Sognando, come dicevo, le stagioni passano.
Dei memorabili giorni delle verdi querce di Dresda, restano oggi i cumuli di foglie che gli ultimi venti freddi spazzano. Resta anche dell’altro, a dire la verità. E resta anche il dramma che, essendo sopravvissuta, mi hanno iscritto ad una nuova impresa. Probabilmente per farmi fuori. Ma non divaghiamo.
Quando l’autunno, e a seguire l’inverno, procedeva a grandi passi, io ricamavo in verde, rischiarata da una certa luce soave, e nessun gelo mi turbava.
Poi un giorno avevo notato le chiome dorate rade, ma tenaci, delle querce cugine del lago di Garda. Era già inverno inoltrato e gironzolavo su un’alta via a strapiombo sul lago.
Pare che le querce tengano strette a sé le proprie foglie secche, fino a che non è ora di fare spazio a quelle nuove.

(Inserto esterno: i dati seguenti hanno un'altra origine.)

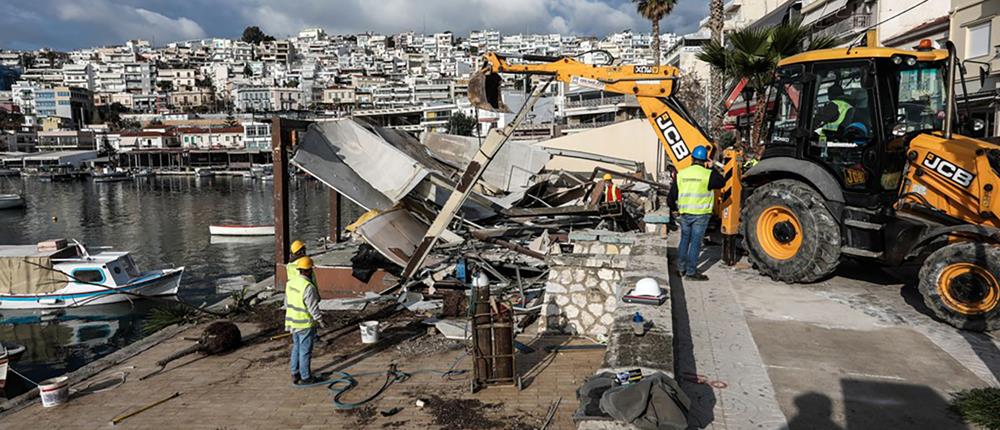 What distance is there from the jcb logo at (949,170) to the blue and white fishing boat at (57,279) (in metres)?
20.2

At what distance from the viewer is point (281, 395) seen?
275 inches

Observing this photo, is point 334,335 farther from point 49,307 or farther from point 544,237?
point 49,307

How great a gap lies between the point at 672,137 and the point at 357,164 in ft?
22.4

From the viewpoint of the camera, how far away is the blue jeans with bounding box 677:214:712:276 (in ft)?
26.9

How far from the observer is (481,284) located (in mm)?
9102

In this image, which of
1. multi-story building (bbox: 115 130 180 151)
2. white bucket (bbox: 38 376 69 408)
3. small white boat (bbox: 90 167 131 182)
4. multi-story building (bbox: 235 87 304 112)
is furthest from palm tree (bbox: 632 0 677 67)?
multi-story building (bbox: 235 87 304 112)

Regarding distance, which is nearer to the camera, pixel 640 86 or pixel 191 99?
pixel 640 86

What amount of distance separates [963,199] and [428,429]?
6.35 meters

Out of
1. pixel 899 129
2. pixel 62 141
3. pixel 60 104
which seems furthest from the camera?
pixel 60 104

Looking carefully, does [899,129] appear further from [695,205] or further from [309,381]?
[309,381]

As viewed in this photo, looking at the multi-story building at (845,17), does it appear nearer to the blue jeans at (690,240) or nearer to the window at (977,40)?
the window at (977,40)

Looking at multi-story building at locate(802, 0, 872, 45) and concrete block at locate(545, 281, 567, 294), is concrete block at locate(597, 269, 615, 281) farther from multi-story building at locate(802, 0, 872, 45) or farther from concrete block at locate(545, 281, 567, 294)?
multi-story building at locate(802, 0, 872, 45)

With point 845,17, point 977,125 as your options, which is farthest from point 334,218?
point 845,17

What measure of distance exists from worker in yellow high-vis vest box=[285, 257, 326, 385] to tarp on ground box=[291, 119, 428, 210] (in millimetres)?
5810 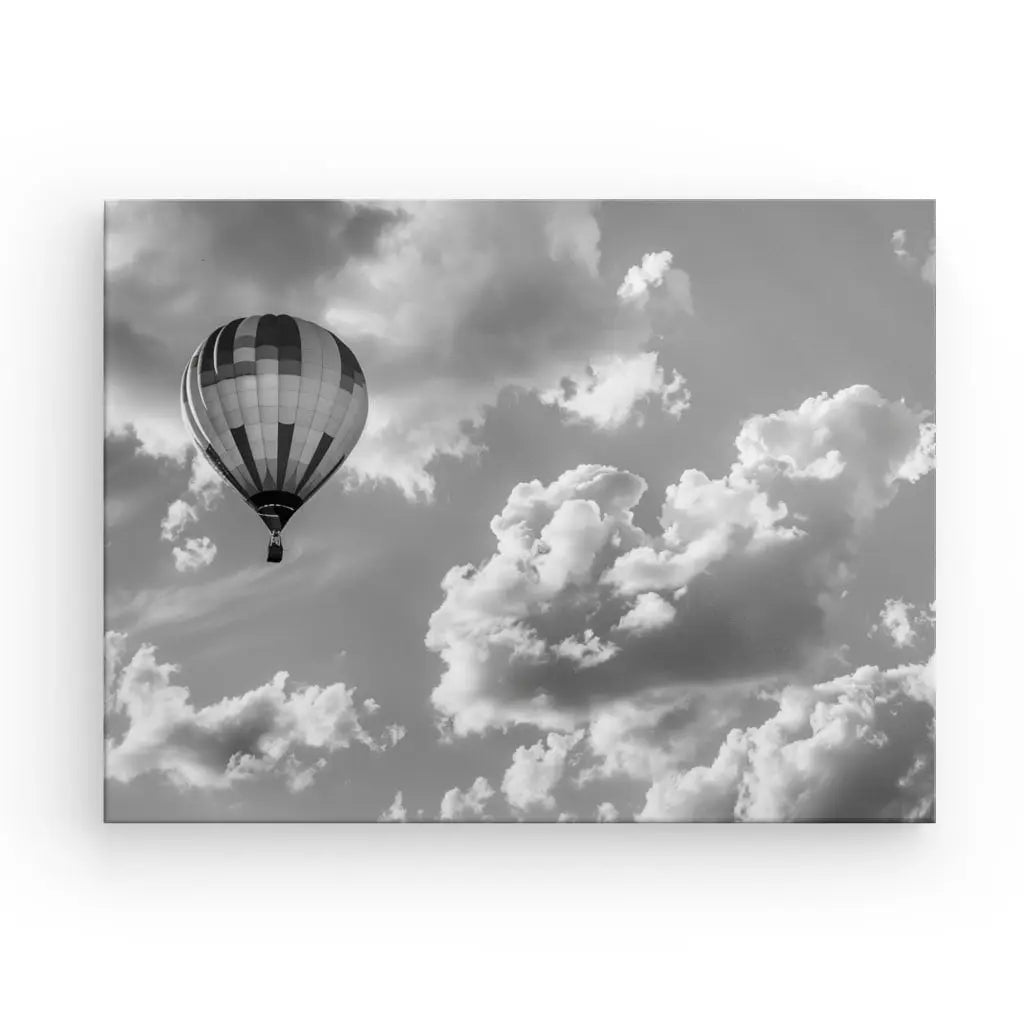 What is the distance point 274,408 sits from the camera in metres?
2.84

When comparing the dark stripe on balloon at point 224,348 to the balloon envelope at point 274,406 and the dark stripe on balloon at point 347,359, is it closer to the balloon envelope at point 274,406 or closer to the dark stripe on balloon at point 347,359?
the balloon envelope at point 274,406

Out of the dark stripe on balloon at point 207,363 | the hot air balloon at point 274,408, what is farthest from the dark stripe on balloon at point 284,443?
the dark stripe on balloon at point 207,363

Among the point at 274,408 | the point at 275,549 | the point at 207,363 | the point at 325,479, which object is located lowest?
the point at 275,549

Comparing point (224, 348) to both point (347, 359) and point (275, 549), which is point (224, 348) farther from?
point (275, 549)

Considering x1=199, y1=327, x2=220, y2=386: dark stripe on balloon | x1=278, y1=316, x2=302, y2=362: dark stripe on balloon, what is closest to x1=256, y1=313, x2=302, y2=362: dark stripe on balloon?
x1=278, y1=316, x2=302, y2=362: dark stripe on balloon

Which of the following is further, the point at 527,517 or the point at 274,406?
the point at 527,517

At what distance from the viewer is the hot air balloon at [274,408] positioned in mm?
2850

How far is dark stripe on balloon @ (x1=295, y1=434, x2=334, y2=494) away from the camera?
9.47 ft

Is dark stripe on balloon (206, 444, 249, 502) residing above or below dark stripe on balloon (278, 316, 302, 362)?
below

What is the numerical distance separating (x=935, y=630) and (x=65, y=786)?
221cm

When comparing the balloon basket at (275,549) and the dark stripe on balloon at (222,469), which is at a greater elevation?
the dark stripe on balloon at (222,469)

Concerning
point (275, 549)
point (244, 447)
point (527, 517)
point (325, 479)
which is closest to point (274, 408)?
point (244, 447)

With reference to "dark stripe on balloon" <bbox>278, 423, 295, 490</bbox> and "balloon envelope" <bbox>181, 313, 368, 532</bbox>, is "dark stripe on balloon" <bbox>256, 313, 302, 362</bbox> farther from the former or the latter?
"dark stripe on balloon" <bbox>278, 423, 295, 490</bbox> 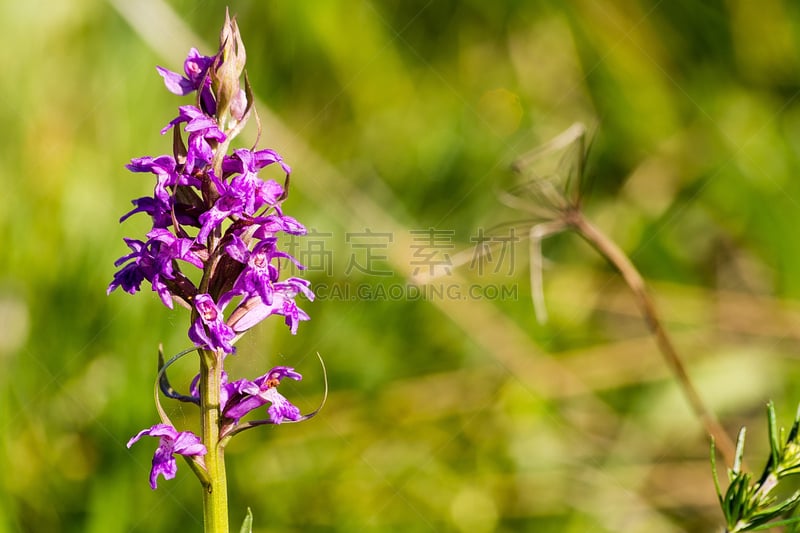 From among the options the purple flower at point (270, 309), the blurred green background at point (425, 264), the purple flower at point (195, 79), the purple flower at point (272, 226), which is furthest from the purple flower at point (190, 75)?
the blurred green background at point (425, 264)

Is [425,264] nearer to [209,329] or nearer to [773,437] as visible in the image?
[773,437]

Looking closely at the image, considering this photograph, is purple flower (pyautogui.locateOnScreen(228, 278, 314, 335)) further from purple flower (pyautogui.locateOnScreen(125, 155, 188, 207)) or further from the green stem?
purple flower (pyautogui.locateOnScreen(125, 155, 188, 207))

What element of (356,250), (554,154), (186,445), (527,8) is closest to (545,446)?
(356,250)

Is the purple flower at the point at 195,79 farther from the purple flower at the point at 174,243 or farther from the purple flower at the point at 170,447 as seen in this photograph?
the purple flower at the point at 170,447

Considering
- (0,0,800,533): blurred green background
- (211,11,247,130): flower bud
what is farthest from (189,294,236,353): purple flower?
(0,0,800,533): blurred green background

Avevo cercato di fare qualche foto, ma il vento probabilmente credeva di avere qualche diritto sul copyright e nella calma piatta, ogni volta che sollevavo lo schermo e scivolavo il dito sullo scatto, scatenava la tempesta sulle foglie, ma la mia messa a fuoco, su un centinaio di tentativi, ha avuto la meglio…
Poi mi sono lasciata prendere un po’ la mano…
Googlando immagini di querce autunnali, mi era balzata sullo schermo quella rossa, americana, audace e sfrontata, bellissima. Ho fatto finta di non notare che le foglie sono molto diverse da quelle della roverella che ho disegnato io e le ho rubato il colore.